Tutti escono di scena tranne il coro che recita alcuni versi di commiserazione per il destino di Edipo. Un altro messaggero esce dalla reggia e annuncia che Giocasta si è impiccata, Edipo sconvolto si è tolto la vista colpendosi gli occhi con le fibbie d'oro del vestito di lei. Il messo esce di scena e rientra Edipo cieco, grondante sangue, disperato.
Il dialogo fra Edipo ed il coro spiega il senso dell'accecamento: perchè avere ancora la vista quando più nessuna visione può dare sollievo alla sofferenza ed al rimorso?
Entra in scena Creonte, Edipo, umiliato, lo prega di ucciderlo o di cacciarlo da Tebe, lo supplica infine di prendersi cura delle sue filgie femmine e di lasciargliele incontrare.

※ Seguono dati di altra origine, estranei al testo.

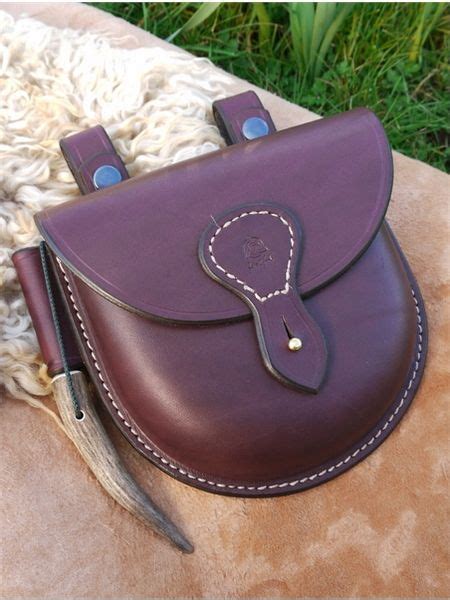 Leather Possibles Bags | semashow.com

Le due giovani entrano in scena. Edipo rivolge anche a loro un lamento sulle sventure della famiglia e Creonte ordina di rientrare nella reggia per non esibire pubblicamente tanto dolore.
L'ultima battuta della tragedia spetta ad un corifeo, si trata del famoso insegnamento presente in Erodoto: "nessun uomo potrà essere detto felice, prima che abbia varcato il termine della vita senza aver patito dolore."